▶ What you need to do: Each record below gets repeated exactly, and pictures stay out of the copy.

BEGIN Provided information

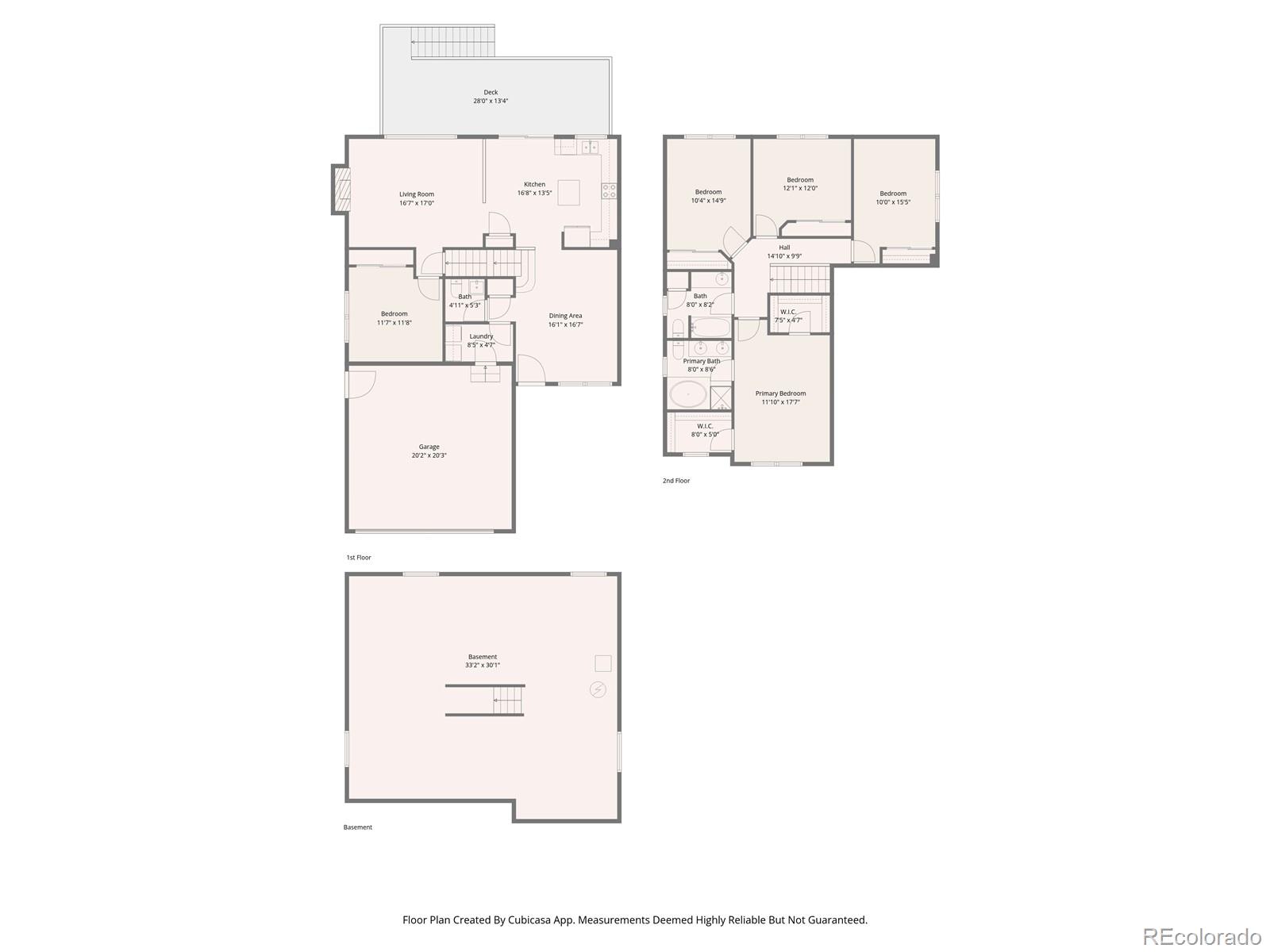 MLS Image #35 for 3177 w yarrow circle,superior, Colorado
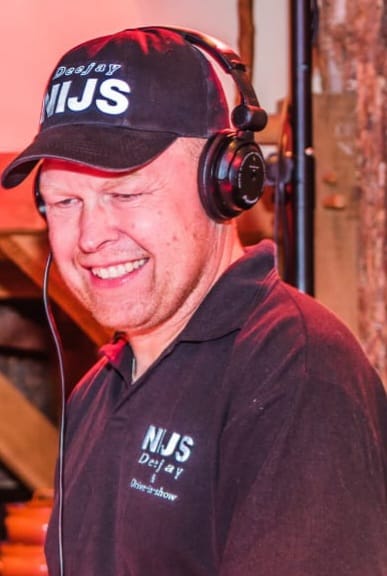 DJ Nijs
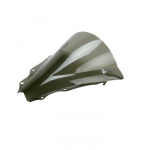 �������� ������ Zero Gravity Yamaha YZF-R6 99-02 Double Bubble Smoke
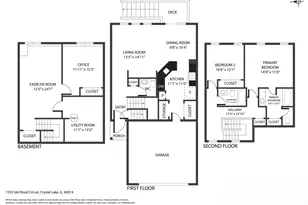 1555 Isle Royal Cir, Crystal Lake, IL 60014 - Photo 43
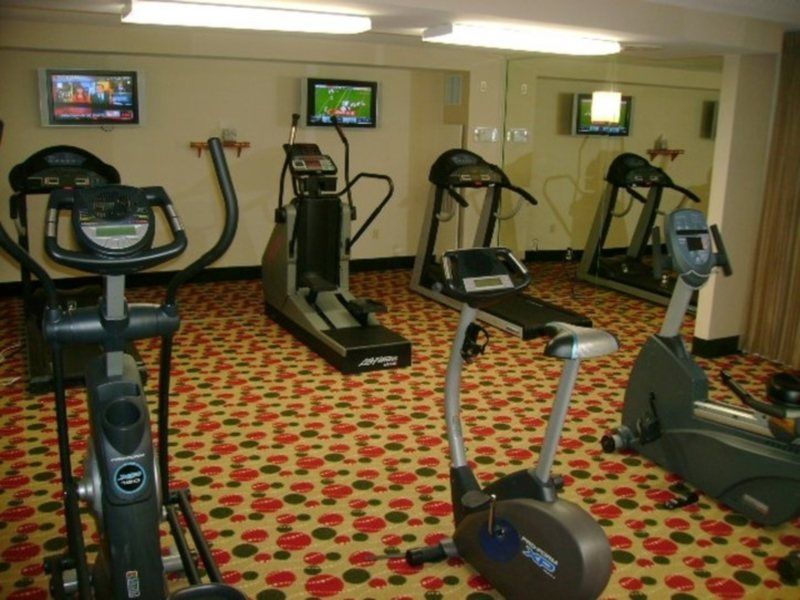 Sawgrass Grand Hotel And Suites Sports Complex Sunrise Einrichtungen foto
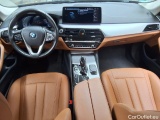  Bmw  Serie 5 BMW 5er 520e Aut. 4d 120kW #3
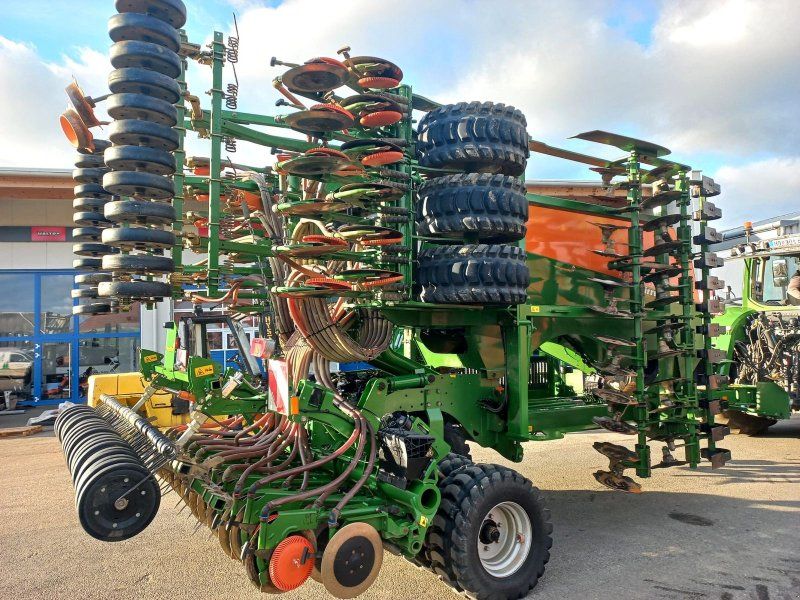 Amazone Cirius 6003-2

END Provided information

▶ Task answer:
 MLS Image #35 for 3177 w yarrow circle,superior, Colorado
 DJ Nijs
 �������� ������ Zero Gravity Yamaha YZF-R6 99-02 Double Bubble Smoke
 1555 Isle Royal Cir, Crystal Lake, IL 60014 - Photo 43
 Sawgrass Grand Hotel And Suites Sports Complex Sunrise Einrichtungen foto
  Bmw  Serie 5 BMW 5er 520e Aut. 4d 120kW #3
 Amazone Cirius 6003-2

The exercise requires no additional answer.